** Record set follows **

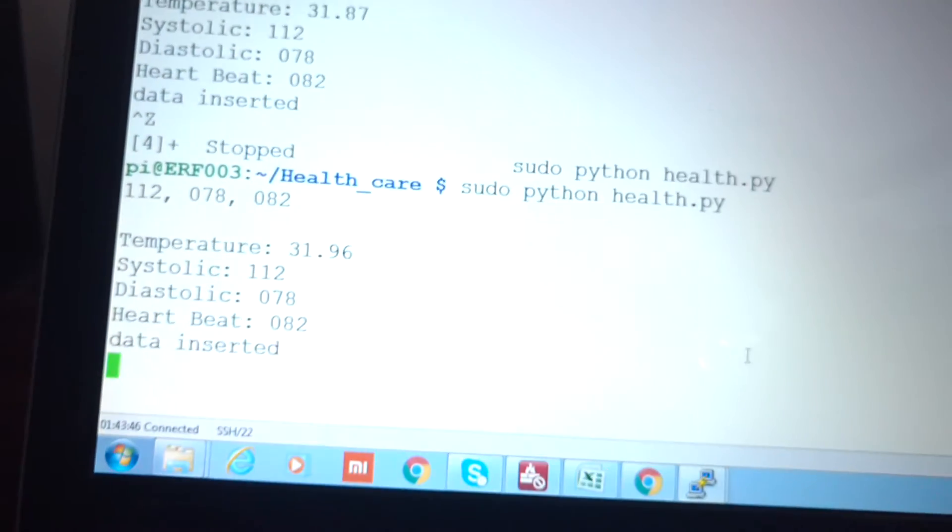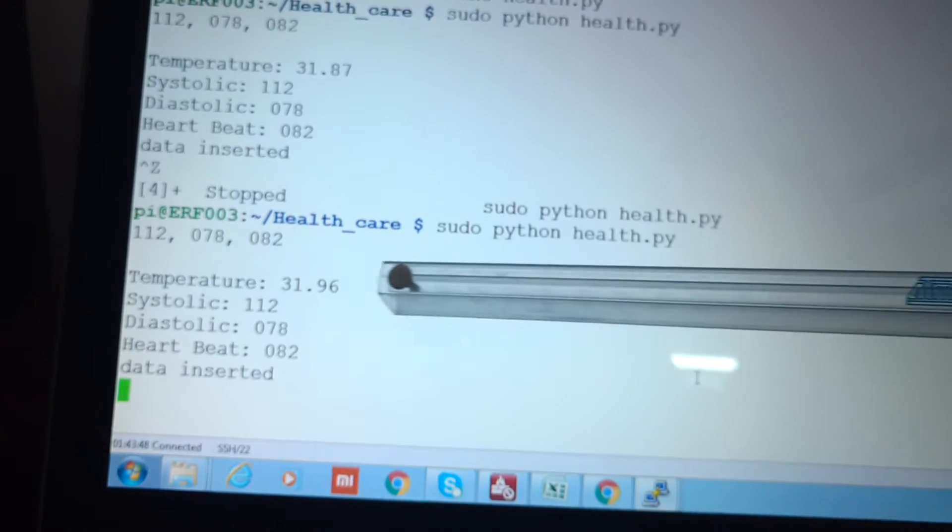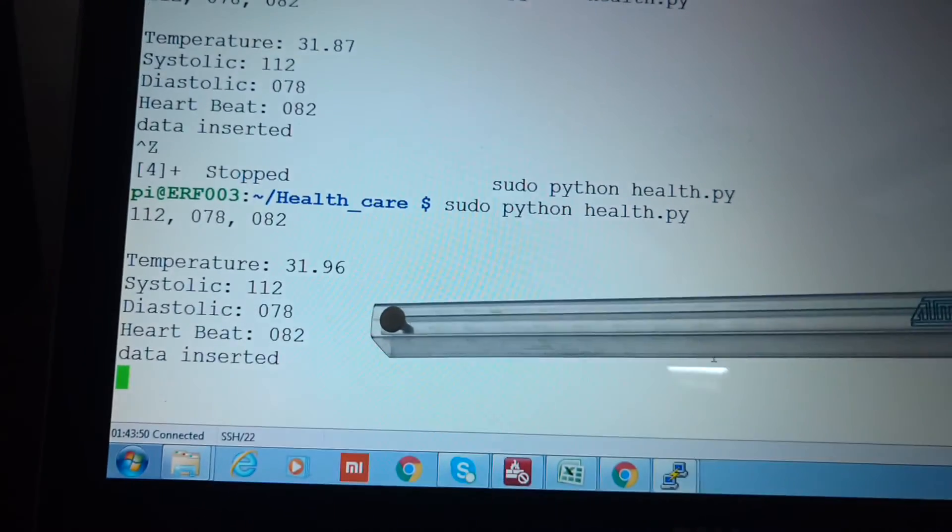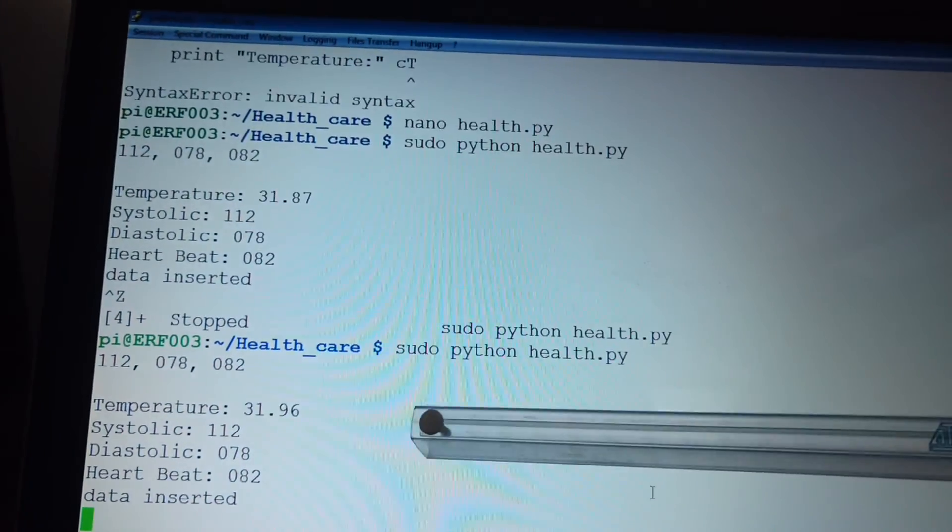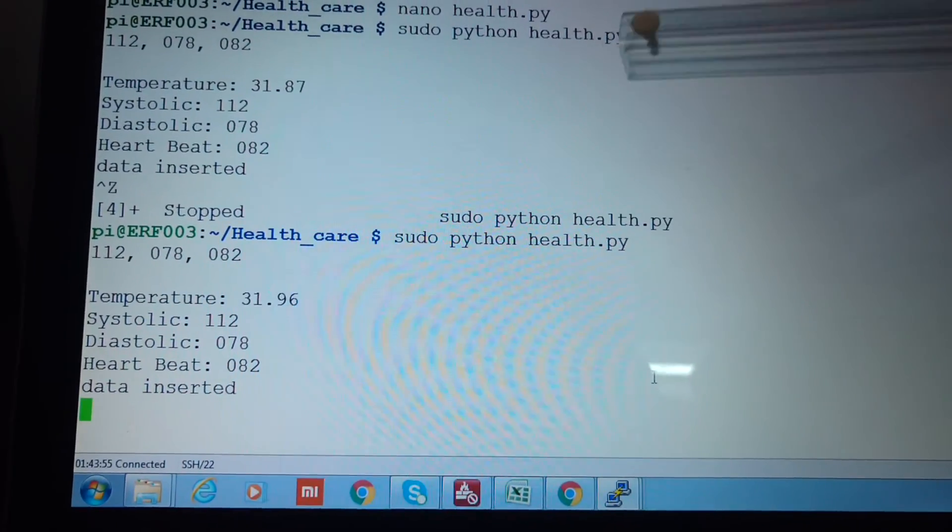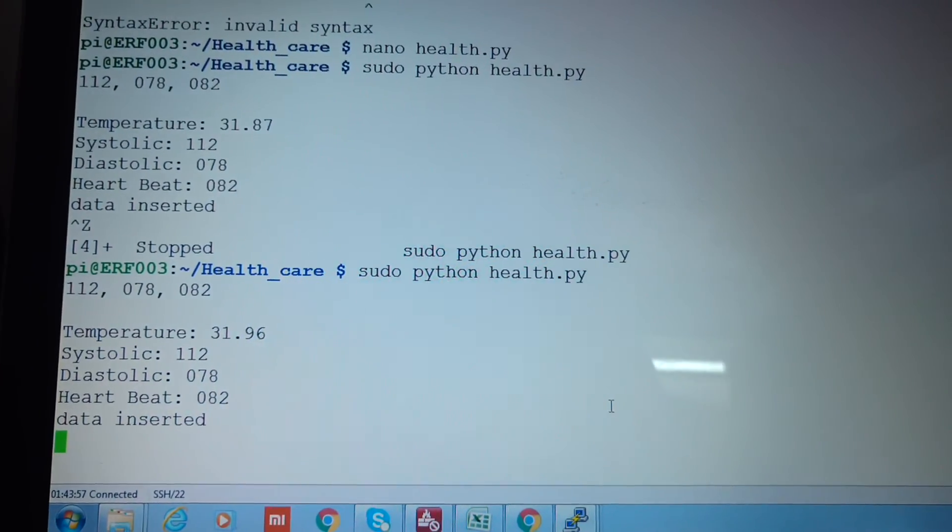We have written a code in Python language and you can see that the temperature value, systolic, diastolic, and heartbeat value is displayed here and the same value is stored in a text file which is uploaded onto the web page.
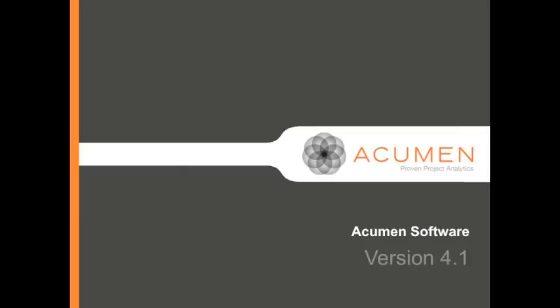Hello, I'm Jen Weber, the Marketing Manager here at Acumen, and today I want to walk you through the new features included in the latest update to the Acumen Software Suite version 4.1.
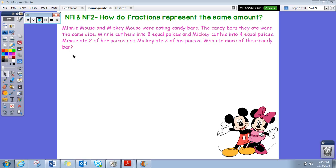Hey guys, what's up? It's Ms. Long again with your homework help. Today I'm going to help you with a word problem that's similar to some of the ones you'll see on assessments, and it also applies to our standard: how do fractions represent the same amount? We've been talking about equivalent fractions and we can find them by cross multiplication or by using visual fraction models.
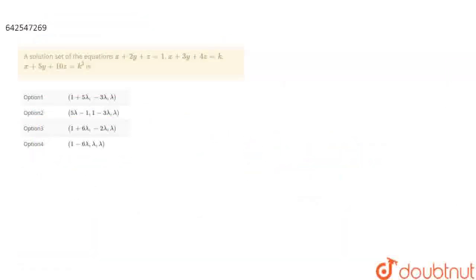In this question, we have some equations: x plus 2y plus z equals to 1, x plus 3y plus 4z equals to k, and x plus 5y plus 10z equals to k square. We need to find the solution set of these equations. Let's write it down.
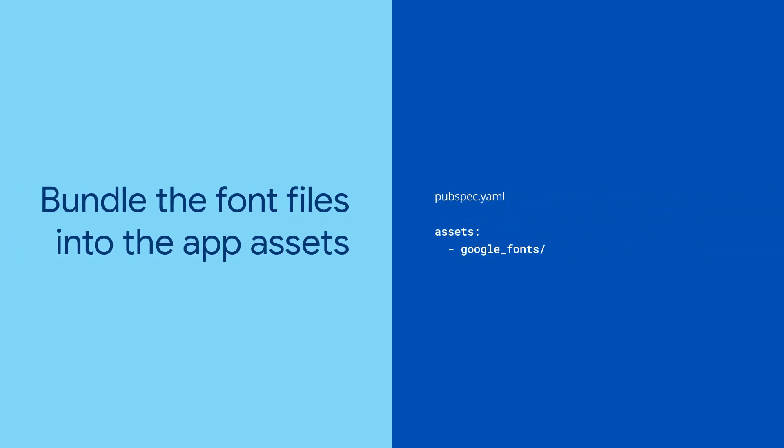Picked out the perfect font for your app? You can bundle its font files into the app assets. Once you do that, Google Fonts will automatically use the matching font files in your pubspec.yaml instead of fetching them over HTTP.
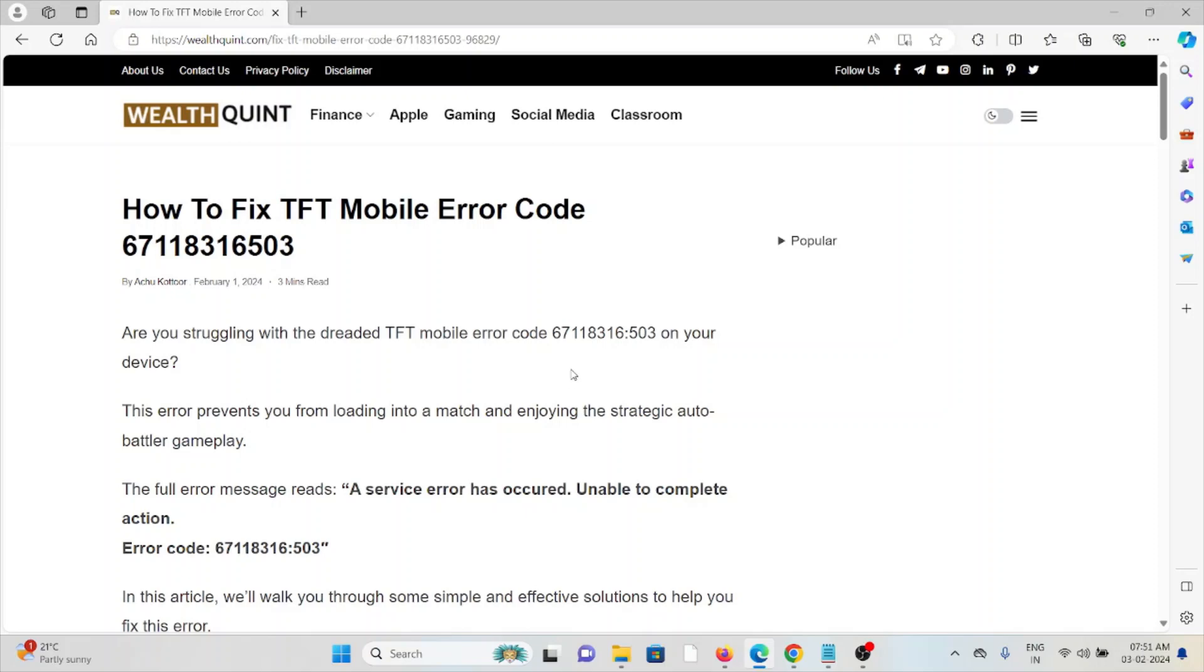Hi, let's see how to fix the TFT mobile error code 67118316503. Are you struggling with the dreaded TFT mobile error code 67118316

** End of Record set **

The lines above starting at the one that holds "In this question, we" and ending at the one that holds "Picked out the" are to be written out exactly, ends included, and no pictures are to be copied.

In this question, we have some equations: x plus 2y plus z equals to 1, x plus 3y plus 4z equals to k, and x plus 5y plus 10z equals to k square. We need to find the solution set of these equations. Let's write it down.
Picked out the perfect font for your app? You can bundle its font files into the app assets. Once you do that, Google Fonts will automatically use the matching font files in your pubspec.yaml instead of fetching them over HTTP.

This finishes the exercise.